▶ [Directions]: Set down a true copy of the data, with all pictures left out.

▶ [Entries shown]:

- - - - -

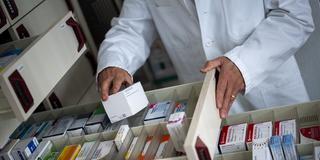 Ein Apotheker holt eine Medikamentenverpackung aus einer Schublade in einer Apotheke.  (Foto: picture alliance/dpa | Monika Skolimowska)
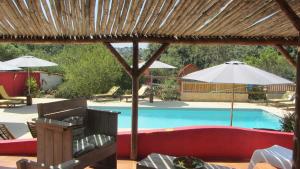 a pool with a red couch and an umbrella at Quinta das Cantigas by Book YourHoliday PT in Aljubarrota
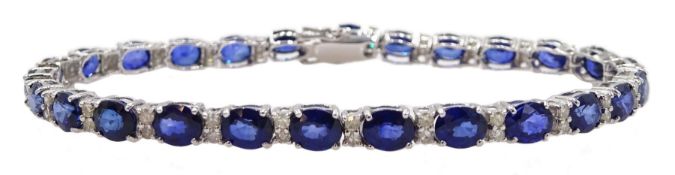 18ct white gold oval cut sapphire and round brilliant cut diamond bracelet, stamped 750, total sapp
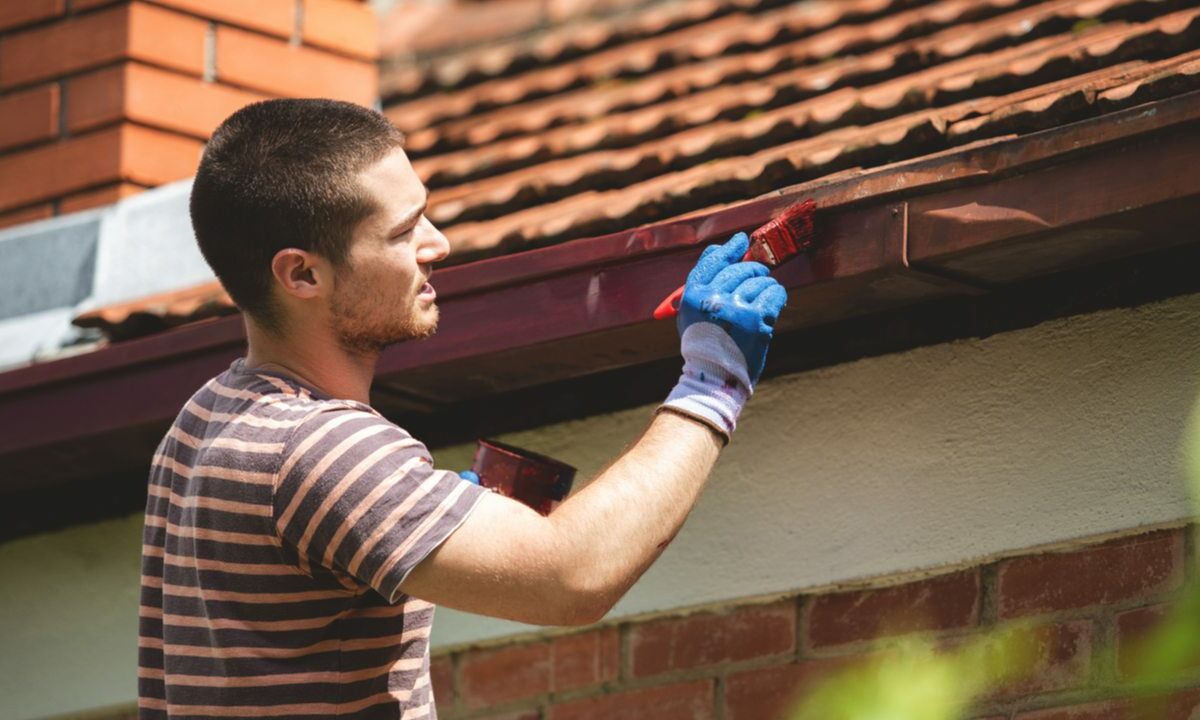A smiling man working for Taskrabbit paints a house on a sunny day.
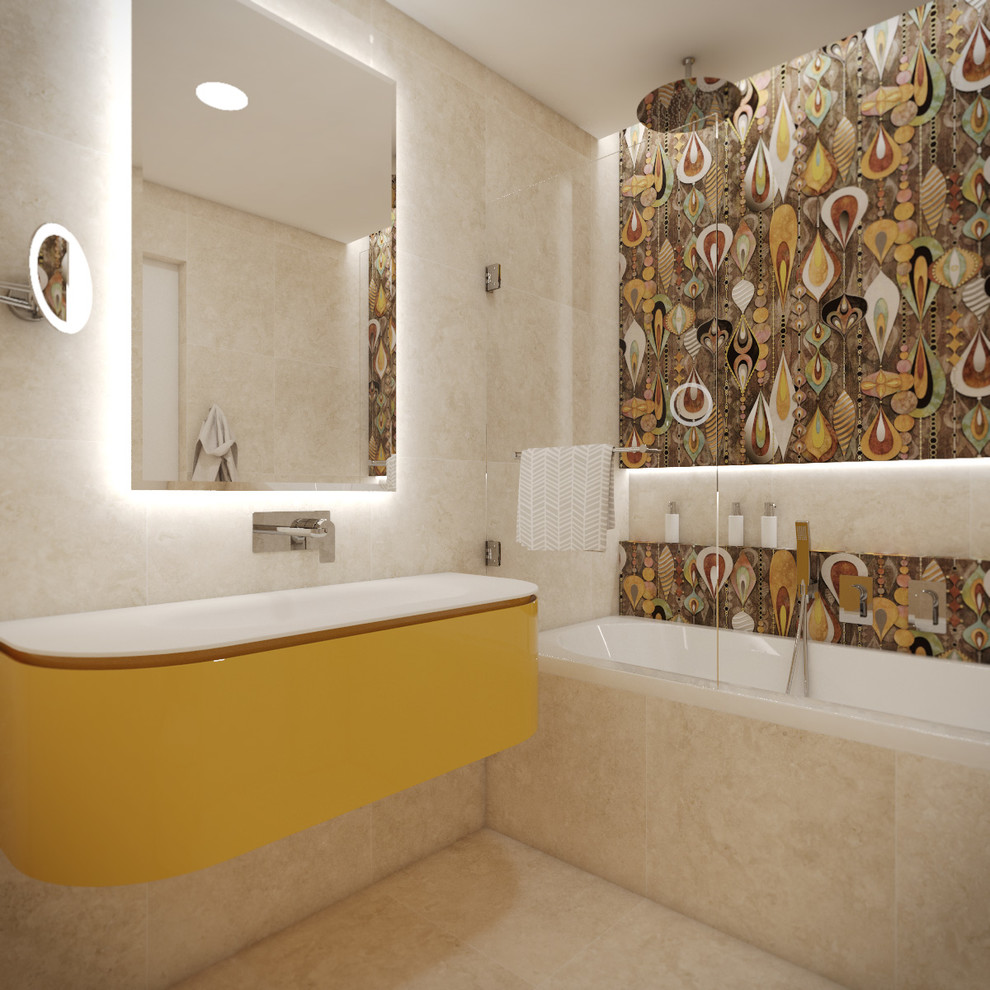 Пример оригинального дизайна: детская ванная комната среднего размера в стиле модернизм с желтыми фасадами, ванной в нише, душем над ванной, разноцветной плиткой, стеклянной столешницей, плоскими фасадами, плиткой из травертина, разноцветными стенами, полом из травертина, консольной раковиной, бежевым полом и душем с распашными дверями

- - - - -

▶ [Expected answer]:
 Ein Apotheker holt eine Medikamentenverpackung aus einer Schublade in einer Apotheke.  (Foto: picture alliance/dpa | Monika Skolimowska)
 a pool with a red couch and an umbrella at Quinta das Cantigas by Book YourHoliday PT in Aljubarrota
 18ct white gold oval cut sapphire and round brilliant cut diamond bracelet, stamped 750, total sapp
A smiling man working for Taskrabbit paints a house on a sunny day.
 Пример оригинального дизайна: детская ванная комната среднего размера в стиле модернизм с желтыми фасадами, ванной в нише, душем над ванной, разноцветной плиткой, стеклянной столешницей, плоскими фасадами, плиткой из травертина, разноцветными стенами, полом из травертина, консольной раковиной, бежевым полом и душем с распашными дверями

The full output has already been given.